Movie stars Daniel Radcliffe, Keira Knightley, Hugh Jackman, Nicole Kidman and Keanu Reeves will share the spotlight with filmmakers Robert Lepage, Jason Reitman, Mad Men creator Matthew Weiner and many more at the upcoming Toronto International Film Festival next month.

Organizers unveiled the full 2013 film schedule today, including the remaining batch of titles joining the official lineup and issuing a lengthy list of stars expected to walk its red carpets.

Filmmakers, industry figures and celebrity guests expected to descend on Toronto range from A-list actors such as Michael Fassbender, Julia Roberts, Jake Gyllenhaal and Scarlett Johansson to Bollywood up-and-comer Parineeti Chopra, British filmmaker Steve McQueen, artist Marcel Dzama and former Canadian ambassador Ken Taylor.

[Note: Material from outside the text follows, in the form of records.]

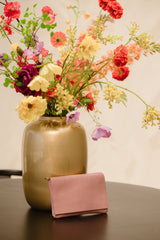 Clutch blush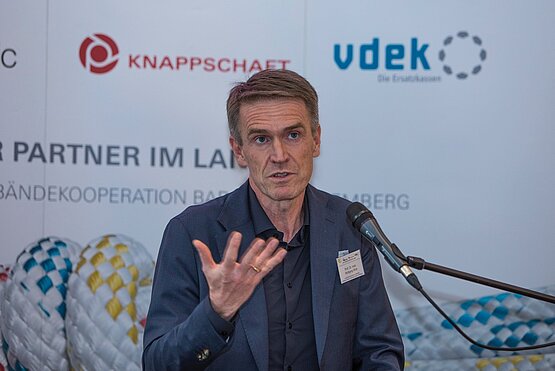 Der Gastredner bei seinem Impulsvortrag: Prof. Dr. med. Wolfgang Wick, Vorsitzender des Wissenschaftsrates & Ärztlicher Direktor des Universitätsklinikums Heidelberg; Foto: Silicya Roth/B 52-Verbändekooperation Baden-Württemberg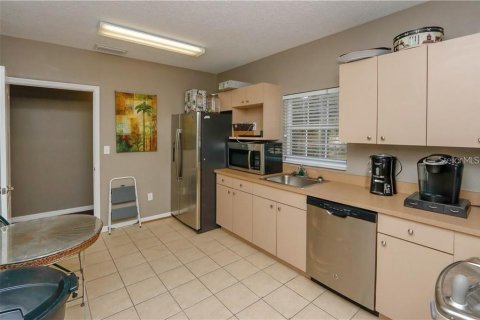 Propiedad comercial en alquiler en Lutz, Florida, 189.71 m2 № 1757783 - foto 15
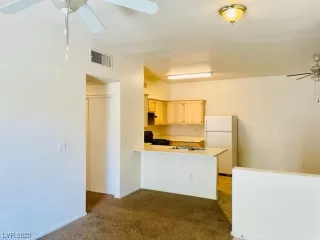 Photo #3: 2490085 Listing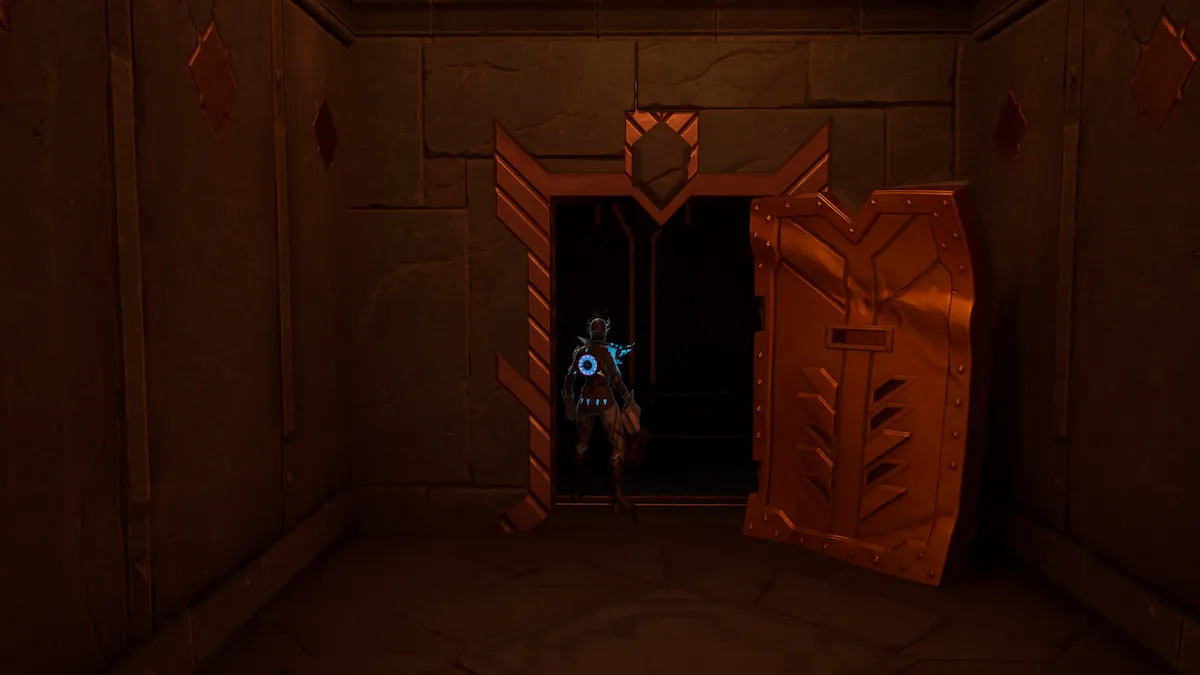 Celda de la cárcel de Midas en Fortnite.  Puerta Dorada abierta de par en par, habitación pequeña con un cofre dorado abierto y esposas en la pared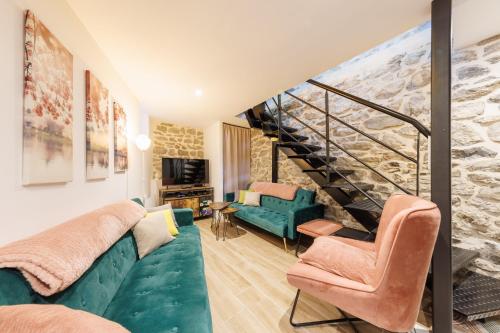 Les Petits Loups Proche Station De Ski — Mont Dore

"Unquestionably, Toronto is now positioned as one of the key — if not the key — festivals for awards-season launch, so of course many of the stars will come to the festival as well as the major directors," festival director Piers Handling told reporters on a conference call Tuesday.

"They've looked at the track record of Toronto over the last 15-20 years, which is very impressive. Many films go on to multiple nominations and we've had a track record of picking best picture as well as many of the best actors over the years."

New titles by noted cinematic auteurs were among Tuesday's additions, including the latest from dissident Iranian filmmaker Jafar Panahi (the drama Closed Curtain, co-directed by Kambozia Partovi) and French filmmaker and writer Catherine Breillat (autobiographical tale Abuse of Weakness starring Isabelle Huppert).

Also joining the program are two films spotlighting major music events: Amir Bar-Lev's 12.12.12, a film about the star-studded concert that saw acts like Bruce Springsteen, The Rolling Stones, Paul McCartney and Alicia Keys take the stage to raise funds for Hurricane Sandy relief, and Ron Howard's Made in America, which examines rap mogul Jay Z's debut as a curator for a music festival in Philadelphia.

Both films are also part of Mavericks program, which offers onstage chats with the creative minds behind several high-profile TIFF titles. Taylor, one of the main architects of The Canadian Caper, will also take part to discuss his new documentary Our Man in Tehran.

TIFF also announced the addition of CBC's Glenn Gould Studio as its newest venue, with the auditorium to host the Mavericks screenings and talks as well as a host of industry conferences and sessions.

The Toronto International Film Festival opens Sept. 5 with the premiere of the WikiLeaks drama The Fifth Estate. It runs through Sept. 15.